··· The data ···

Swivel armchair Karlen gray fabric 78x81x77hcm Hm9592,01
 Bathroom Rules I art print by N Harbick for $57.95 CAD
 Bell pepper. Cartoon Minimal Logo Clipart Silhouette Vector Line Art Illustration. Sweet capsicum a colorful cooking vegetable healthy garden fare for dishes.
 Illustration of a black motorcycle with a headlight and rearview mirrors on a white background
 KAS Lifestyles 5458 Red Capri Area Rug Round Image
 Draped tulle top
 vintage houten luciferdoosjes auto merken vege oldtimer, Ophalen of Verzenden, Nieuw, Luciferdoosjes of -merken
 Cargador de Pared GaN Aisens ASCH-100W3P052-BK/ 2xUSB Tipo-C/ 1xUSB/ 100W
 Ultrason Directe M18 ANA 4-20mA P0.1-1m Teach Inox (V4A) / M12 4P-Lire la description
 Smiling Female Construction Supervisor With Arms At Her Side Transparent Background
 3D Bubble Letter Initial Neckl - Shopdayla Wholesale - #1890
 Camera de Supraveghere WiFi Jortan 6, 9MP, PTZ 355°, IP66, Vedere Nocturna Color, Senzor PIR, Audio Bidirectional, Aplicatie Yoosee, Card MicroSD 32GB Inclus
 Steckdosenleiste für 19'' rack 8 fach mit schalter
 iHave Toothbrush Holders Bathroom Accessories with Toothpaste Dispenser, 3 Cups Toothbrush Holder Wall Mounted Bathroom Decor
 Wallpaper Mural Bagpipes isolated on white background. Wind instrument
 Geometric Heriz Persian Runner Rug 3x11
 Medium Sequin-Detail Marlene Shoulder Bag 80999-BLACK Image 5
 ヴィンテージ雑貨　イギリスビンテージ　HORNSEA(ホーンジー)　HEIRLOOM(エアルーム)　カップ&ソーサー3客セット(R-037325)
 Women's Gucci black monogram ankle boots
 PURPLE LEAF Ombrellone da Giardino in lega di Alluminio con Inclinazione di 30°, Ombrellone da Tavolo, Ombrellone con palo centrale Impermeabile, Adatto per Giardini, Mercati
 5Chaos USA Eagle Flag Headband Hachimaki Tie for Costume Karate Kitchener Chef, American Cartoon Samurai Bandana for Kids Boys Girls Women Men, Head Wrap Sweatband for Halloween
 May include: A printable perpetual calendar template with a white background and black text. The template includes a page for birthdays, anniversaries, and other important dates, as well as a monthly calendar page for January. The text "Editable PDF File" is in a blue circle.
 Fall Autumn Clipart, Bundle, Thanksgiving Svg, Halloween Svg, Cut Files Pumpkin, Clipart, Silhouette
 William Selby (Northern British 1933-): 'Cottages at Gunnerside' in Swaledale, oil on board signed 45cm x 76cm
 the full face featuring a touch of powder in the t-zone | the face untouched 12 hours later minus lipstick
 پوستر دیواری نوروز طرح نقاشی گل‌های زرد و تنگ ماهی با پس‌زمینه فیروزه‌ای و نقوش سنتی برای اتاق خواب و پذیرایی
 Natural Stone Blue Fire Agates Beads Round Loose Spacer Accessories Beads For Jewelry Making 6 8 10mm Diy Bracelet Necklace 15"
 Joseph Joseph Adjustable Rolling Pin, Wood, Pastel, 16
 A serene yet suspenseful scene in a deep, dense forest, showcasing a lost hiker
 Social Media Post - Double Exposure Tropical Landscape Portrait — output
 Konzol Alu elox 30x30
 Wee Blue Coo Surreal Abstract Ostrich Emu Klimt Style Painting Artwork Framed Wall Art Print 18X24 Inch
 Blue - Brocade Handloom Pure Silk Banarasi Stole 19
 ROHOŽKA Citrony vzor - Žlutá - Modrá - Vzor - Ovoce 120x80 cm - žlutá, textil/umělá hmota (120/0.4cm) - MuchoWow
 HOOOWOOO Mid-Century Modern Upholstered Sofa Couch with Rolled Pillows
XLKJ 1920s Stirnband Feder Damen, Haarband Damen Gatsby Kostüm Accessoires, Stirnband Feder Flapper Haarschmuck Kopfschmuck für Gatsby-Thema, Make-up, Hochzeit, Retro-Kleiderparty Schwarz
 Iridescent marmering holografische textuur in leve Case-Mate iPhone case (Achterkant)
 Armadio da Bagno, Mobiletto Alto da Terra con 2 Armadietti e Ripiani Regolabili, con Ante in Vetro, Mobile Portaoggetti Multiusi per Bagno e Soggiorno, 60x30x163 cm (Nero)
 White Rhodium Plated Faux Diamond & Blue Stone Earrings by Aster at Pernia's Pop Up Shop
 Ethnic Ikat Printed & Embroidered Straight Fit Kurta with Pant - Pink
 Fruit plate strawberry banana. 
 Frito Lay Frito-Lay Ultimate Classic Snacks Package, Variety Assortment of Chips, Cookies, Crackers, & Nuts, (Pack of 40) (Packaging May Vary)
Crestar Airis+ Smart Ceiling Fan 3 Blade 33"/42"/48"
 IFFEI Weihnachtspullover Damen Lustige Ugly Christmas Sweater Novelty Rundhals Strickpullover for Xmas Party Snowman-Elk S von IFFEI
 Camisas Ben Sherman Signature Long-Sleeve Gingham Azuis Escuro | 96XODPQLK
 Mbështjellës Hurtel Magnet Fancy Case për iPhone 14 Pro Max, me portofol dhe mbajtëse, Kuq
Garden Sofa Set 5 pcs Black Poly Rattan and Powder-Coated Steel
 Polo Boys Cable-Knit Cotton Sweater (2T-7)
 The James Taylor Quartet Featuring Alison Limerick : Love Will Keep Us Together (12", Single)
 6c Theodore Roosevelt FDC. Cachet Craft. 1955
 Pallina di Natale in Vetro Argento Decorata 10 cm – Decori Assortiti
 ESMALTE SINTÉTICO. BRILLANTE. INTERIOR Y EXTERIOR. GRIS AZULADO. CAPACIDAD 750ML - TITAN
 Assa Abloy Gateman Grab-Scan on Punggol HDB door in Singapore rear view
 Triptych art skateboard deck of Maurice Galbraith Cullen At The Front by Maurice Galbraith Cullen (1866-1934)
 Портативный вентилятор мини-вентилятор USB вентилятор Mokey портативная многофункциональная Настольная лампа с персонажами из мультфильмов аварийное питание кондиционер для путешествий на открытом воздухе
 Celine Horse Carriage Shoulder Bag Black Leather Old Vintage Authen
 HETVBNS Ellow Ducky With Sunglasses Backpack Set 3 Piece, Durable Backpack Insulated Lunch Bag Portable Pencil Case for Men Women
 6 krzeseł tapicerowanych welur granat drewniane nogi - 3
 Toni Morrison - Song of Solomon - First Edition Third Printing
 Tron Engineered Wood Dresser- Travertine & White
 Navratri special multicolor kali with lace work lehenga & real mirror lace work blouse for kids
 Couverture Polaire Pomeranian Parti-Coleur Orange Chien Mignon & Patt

···

*Task objective*
Which lines of the records hold the string "Damen"? Copy each one.

*Exercise result*
XLKJ 1920s Stirnband Feder Damen, Haarband Damen Gatsby Kostüm Accessoires, Stirnband Feder Flapper Haarschmuck Kopfschmuck für Gatsby-Thema, Make-up, Hochzeit, Retro-Kleiderparty Schwarz
 IFFEI Weihnachtspullover Damen Lustige Ugly Christmas Sweater Novelty Rundhals Strickpullover for Xmas Party Snowman-Elk S von IFFEI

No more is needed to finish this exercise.